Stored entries
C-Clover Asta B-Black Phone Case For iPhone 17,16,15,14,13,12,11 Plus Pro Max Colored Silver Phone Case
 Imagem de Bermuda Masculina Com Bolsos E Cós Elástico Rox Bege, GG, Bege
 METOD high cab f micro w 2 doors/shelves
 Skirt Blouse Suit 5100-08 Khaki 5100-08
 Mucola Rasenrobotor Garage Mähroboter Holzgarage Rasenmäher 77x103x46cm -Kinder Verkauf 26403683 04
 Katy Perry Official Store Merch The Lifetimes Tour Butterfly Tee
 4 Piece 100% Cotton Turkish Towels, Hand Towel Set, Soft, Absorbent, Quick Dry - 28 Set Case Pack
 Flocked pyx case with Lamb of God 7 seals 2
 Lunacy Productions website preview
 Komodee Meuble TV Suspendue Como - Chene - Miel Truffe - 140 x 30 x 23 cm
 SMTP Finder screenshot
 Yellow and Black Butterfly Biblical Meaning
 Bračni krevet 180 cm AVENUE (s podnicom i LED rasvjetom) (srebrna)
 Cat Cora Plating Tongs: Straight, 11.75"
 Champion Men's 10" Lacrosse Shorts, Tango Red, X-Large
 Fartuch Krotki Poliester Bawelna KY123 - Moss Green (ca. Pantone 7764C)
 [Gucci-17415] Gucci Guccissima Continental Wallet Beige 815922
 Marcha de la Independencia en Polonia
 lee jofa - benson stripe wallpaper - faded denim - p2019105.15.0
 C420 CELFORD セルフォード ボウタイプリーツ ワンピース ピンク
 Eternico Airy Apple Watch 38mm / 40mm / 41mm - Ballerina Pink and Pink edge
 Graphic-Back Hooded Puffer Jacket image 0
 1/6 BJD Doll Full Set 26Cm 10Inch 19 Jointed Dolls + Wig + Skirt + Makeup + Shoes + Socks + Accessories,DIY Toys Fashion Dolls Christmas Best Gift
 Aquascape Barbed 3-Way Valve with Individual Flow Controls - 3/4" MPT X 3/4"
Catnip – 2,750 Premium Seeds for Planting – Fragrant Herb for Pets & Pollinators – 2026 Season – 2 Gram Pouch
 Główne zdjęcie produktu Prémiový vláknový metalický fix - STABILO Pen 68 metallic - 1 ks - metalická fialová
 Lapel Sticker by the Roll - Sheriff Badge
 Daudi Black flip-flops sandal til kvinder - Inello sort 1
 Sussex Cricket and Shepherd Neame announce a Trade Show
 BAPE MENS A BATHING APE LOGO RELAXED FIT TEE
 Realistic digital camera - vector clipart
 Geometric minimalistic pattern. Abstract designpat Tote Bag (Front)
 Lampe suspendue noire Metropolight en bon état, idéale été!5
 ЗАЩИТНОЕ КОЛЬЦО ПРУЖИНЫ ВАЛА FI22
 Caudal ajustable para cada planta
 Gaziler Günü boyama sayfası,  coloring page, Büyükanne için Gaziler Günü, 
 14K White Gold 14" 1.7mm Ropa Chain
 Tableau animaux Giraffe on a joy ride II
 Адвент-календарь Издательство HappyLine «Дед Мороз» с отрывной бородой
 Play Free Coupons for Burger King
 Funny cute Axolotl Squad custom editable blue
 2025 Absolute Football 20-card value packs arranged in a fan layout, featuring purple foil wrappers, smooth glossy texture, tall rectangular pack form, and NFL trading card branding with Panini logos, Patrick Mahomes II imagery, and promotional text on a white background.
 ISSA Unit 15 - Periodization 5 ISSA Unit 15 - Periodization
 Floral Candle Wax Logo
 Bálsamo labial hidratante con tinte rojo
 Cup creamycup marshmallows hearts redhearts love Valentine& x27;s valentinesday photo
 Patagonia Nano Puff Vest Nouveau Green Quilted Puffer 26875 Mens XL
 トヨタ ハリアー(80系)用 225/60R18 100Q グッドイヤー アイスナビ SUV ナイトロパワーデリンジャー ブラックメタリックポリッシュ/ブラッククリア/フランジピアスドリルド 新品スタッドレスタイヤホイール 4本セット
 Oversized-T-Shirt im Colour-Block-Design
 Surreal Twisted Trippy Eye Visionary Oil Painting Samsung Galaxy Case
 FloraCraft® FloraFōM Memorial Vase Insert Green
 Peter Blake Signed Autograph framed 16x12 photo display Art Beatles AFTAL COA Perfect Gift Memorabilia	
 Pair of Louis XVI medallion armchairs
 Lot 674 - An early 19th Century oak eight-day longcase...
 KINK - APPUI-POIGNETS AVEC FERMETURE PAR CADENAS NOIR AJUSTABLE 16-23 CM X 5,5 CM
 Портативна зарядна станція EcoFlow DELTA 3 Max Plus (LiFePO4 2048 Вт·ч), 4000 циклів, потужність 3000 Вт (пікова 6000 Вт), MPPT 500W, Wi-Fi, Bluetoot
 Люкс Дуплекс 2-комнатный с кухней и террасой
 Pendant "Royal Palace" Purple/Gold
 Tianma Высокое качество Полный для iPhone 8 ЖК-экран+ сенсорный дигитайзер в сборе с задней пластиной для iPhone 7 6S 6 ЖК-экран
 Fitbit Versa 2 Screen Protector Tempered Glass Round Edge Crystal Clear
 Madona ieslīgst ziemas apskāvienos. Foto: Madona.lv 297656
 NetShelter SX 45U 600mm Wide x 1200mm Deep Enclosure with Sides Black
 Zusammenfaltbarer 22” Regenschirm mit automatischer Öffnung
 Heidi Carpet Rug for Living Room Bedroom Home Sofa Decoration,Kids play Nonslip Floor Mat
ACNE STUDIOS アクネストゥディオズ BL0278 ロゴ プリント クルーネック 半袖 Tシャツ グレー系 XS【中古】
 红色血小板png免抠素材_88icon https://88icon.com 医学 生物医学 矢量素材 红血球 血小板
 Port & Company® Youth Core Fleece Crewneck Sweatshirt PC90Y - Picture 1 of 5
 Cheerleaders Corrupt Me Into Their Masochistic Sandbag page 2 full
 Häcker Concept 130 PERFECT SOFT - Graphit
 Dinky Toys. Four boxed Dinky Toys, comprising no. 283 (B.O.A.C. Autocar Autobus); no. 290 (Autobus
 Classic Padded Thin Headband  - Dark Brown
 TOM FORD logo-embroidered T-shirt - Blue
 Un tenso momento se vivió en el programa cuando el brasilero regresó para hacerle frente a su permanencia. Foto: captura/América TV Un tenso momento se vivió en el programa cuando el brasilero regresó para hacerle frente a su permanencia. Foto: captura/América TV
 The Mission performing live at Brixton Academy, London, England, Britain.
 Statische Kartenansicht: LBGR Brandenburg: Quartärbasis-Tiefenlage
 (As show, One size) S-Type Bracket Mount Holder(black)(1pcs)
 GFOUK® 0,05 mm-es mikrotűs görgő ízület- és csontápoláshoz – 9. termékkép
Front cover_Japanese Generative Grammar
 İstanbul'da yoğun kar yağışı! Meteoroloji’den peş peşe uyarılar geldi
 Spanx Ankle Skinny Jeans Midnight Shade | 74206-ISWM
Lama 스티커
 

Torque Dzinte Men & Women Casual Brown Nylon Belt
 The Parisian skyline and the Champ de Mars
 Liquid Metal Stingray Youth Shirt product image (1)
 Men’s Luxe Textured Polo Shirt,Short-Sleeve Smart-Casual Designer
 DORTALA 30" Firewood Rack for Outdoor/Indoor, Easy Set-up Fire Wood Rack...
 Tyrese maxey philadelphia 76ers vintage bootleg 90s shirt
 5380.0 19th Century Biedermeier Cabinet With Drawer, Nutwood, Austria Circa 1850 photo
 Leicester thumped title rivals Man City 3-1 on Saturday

YOUR TASK
State only the count of lines above that hold the string "Youth".

RESULT
2